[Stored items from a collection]

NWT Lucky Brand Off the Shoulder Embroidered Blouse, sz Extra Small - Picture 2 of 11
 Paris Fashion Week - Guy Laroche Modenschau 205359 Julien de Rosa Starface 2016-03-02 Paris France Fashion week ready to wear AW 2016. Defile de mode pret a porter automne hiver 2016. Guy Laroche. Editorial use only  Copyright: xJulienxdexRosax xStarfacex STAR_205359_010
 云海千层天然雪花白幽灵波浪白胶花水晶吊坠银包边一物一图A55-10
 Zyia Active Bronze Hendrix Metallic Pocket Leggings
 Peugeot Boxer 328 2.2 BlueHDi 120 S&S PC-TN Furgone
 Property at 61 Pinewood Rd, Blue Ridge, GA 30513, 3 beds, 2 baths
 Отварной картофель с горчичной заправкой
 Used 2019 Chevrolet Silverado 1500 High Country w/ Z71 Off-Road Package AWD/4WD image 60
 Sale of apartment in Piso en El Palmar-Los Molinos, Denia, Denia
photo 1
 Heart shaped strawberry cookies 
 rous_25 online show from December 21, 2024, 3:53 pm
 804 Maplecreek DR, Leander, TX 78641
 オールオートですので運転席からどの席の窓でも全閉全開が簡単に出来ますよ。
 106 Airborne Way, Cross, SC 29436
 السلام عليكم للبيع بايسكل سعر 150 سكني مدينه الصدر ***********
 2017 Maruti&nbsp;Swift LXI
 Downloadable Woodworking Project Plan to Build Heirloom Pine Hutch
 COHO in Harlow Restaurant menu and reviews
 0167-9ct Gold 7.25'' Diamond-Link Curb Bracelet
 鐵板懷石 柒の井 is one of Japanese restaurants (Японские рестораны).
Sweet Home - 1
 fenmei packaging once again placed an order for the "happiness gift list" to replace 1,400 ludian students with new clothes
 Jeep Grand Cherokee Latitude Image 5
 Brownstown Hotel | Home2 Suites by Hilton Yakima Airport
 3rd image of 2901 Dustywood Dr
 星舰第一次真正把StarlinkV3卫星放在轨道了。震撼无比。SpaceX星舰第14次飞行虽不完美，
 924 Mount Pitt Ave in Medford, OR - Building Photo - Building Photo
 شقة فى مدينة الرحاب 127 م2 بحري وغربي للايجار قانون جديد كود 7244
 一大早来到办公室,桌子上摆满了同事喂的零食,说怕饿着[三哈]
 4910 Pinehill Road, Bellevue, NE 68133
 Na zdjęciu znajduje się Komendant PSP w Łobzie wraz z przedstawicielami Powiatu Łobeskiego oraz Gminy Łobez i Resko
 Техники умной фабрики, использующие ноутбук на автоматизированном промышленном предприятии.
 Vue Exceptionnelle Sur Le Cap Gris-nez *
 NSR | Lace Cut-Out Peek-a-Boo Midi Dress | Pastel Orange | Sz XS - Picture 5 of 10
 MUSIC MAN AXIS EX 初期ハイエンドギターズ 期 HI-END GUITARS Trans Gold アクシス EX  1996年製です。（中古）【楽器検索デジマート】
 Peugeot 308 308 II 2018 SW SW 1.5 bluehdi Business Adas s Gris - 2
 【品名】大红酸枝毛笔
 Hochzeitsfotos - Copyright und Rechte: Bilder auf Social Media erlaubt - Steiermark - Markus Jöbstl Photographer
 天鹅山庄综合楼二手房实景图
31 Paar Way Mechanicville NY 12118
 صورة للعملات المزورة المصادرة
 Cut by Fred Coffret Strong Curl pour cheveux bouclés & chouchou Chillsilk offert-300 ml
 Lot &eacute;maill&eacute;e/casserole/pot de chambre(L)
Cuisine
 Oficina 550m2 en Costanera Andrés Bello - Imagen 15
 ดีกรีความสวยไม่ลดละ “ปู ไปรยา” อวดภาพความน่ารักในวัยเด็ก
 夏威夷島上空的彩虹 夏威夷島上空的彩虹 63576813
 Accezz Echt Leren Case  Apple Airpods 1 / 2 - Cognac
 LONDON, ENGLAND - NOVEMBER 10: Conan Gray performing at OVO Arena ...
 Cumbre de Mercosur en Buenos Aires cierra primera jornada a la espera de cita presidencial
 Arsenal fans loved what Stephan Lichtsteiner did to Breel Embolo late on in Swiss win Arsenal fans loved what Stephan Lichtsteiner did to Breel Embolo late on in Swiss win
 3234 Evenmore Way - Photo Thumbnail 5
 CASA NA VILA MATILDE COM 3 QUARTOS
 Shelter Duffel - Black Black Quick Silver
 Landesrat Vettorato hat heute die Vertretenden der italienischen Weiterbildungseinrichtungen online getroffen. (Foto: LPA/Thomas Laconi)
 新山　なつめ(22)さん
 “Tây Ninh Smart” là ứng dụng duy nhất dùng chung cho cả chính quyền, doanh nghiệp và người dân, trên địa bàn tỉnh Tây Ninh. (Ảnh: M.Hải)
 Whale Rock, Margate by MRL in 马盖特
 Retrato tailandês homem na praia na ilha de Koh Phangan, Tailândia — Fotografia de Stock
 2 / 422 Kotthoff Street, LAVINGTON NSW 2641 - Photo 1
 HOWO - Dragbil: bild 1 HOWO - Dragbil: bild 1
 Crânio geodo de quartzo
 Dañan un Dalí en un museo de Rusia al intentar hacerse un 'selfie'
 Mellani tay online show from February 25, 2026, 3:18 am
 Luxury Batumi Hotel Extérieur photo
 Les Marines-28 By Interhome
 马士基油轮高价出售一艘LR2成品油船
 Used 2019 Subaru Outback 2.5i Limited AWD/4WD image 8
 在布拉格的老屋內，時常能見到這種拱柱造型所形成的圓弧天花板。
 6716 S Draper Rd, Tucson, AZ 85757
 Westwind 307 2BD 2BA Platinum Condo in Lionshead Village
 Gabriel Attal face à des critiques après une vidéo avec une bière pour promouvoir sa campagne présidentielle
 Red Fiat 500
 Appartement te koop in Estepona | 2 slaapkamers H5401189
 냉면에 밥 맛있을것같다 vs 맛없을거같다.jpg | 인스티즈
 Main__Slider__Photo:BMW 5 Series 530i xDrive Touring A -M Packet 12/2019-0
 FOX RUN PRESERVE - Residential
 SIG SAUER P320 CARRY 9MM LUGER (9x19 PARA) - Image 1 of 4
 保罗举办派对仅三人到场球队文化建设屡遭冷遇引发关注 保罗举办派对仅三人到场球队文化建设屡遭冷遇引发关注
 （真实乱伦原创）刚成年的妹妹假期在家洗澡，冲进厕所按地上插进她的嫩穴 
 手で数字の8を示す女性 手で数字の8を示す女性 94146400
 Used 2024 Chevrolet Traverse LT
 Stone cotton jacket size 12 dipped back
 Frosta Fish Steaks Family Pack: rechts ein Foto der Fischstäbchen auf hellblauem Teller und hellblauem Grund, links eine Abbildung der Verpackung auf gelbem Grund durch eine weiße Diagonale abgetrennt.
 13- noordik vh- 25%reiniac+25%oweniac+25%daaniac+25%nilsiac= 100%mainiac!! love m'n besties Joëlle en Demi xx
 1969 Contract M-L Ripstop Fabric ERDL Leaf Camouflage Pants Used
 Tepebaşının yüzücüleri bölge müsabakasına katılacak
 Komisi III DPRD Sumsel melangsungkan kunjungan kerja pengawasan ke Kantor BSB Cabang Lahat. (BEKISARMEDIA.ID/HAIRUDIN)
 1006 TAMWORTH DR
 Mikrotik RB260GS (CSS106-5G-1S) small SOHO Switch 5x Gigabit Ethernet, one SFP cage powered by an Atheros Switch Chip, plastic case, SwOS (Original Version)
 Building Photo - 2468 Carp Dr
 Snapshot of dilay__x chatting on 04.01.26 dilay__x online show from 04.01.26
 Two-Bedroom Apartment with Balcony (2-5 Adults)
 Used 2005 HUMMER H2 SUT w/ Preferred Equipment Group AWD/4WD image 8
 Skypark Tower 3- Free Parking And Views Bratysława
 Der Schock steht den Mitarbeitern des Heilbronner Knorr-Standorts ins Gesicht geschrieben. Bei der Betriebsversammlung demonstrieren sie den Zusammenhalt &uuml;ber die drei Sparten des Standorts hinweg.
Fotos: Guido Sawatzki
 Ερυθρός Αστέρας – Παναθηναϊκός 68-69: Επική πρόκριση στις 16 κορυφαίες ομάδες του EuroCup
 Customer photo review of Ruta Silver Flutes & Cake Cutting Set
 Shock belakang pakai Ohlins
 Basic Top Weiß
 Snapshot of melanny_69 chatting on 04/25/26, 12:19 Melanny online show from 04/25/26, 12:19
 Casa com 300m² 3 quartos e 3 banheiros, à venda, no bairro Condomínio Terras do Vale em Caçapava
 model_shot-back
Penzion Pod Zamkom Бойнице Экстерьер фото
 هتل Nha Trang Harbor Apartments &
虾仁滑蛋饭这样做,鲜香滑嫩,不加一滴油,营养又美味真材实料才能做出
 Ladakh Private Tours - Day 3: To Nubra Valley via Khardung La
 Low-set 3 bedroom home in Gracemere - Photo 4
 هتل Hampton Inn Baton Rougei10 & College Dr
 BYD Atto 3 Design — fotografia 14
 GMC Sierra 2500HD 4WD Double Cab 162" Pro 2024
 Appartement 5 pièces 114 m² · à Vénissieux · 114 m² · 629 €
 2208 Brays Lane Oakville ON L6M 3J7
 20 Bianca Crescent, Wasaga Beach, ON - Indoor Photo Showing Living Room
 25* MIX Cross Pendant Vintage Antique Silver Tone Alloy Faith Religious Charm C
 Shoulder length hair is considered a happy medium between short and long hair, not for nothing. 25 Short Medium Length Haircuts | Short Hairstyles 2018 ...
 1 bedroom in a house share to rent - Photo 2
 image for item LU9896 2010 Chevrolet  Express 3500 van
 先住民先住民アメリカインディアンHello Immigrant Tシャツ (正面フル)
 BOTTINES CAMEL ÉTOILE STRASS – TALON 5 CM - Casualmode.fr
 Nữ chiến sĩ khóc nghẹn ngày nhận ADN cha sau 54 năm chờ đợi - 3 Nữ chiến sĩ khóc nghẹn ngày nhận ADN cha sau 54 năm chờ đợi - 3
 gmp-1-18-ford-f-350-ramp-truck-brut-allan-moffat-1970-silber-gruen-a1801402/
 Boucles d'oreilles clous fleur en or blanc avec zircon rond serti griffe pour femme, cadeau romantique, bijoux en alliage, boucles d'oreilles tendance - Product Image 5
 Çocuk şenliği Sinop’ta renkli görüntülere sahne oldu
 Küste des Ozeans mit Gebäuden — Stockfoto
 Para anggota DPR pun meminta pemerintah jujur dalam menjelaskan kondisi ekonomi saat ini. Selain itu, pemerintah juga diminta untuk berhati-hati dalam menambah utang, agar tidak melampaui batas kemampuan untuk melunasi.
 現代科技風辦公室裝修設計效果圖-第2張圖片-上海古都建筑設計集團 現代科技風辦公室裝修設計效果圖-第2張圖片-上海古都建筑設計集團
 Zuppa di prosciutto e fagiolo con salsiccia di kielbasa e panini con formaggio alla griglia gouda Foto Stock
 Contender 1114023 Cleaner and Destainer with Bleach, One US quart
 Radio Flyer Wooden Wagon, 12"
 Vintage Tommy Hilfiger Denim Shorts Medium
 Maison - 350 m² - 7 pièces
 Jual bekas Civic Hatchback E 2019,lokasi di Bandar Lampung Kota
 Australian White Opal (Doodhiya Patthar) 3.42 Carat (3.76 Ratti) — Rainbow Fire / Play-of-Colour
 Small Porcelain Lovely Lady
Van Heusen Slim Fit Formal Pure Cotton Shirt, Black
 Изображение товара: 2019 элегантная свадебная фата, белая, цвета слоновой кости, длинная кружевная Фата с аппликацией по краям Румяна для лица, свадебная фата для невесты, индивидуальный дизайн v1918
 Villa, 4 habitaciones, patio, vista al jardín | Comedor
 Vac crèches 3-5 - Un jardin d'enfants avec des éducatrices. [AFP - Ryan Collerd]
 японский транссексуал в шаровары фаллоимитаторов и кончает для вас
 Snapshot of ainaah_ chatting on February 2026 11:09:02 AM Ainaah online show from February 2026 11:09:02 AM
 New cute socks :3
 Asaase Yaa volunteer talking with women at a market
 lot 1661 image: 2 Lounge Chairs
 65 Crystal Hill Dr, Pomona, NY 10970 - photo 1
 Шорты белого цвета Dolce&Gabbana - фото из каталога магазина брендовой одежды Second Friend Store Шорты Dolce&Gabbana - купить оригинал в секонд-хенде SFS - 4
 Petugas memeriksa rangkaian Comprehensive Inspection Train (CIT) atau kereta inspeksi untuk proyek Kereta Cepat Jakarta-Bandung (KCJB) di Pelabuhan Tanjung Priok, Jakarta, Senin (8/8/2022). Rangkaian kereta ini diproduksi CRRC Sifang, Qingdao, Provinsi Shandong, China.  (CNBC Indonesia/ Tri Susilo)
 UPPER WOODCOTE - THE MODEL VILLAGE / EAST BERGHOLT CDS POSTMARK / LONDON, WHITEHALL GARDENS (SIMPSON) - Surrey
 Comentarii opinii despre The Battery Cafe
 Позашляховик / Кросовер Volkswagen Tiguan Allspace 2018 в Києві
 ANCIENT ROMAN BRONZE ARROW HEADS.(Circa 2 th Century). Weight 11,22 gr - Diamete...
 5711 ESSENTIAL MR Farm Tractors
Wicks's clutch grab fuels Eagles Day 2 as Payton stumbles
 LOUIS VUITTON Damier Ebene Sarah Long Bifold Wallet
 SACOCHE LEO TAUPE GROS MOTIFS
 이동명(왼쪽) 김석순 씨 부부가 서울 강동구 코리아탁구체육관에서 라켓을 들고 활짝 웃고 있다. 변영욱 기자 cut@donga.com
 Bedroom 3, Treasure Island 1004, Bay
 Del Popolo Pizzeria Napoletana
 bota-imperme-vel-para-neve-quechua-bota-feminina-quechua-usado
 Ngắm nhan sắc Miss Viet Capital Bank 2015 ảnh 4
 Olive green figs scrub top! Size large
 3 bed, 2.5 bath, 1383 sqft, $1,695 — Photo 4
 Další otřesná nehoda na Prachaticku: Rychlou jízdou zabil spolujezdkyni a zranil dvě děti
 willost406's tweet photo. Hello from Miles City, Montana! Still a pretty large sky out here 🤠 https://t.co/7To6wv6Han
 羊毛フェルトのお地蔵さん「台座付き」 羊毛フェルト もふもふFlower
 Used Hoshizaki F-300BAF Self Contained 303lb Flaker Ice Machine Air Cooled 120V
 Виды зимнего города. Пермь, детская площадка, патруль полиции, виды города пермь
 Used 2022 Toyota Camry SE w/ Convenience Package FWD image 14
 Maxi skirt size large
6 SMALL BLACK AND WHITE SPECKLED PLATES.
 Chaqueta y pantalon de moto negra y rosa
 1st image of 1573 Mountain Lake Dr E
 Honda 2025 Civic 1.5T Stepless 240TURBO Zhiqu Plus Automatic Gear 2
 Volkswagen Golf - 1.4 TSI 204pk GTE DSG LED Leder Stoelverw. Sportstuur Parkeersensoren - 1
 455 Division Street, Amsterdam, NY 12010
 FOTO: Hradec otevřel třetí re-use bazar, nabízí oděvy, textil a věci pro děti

REQUIREMENT >> Write the opening line of the data above and every line after it, exactly, stopping once you have written the line with "2017 Maruti&nbsp;Swift LXI".

TASK ANSWER >>
NWT Lucky Brand Off the Shoulder Embroidered Blouse, sz Extra Small - Picture 2 of 11
 Paris Fashion Week - Guy Laroche Modenschau 205359 Julien de Rosa Starface 2016-03-02 Paris France Fashion week ready to wear AW 2016. Defile de mode pret a porter automne hiver 2016. Guy Laroche. Editorial use only  Copyright: xJulienxdexRosax xStarfacex STAR_205359_010
 云海千层天然雪花白幽灵波浪白胶花水晶吊坠银包边一物一图A55-10
 Zyia Active Bronze Hendrix Metallic Pocket Leggings
 Peugeot Boxer 328 2.2 BlueHDi 120 S&S PC-TN Furgone
 Property at 61 Pinewood Rd, Blue Ridge, GA 30513, 3 beds, 2 baths
 Отварной картофель с горчичной заправкой
 Used 2019 Chevrolet Silverado 1500 High Country w/ Z71 Off-Road Package AWD/4WD image 60
 Sale of apartment in Piso en El Palmar-Los Molinos, Denia, Denia
photo 1
 Heart shaped strawberry cookies 
 rous_25 online show from December 21, 2024, 3:53 pm
 804 Maplecreek DR, Leander, TX 78641
 オールオートですので運転席からどの席の窓でも全閉全開が簡単に出来ますよ。
 106 Airborne Way, Cross, SC 29436
 السلام عليكم للبيع بايسكل سعر 150 سكني مدينه الصدر ***********
 2017 Maruti&nbsp;Swift LXI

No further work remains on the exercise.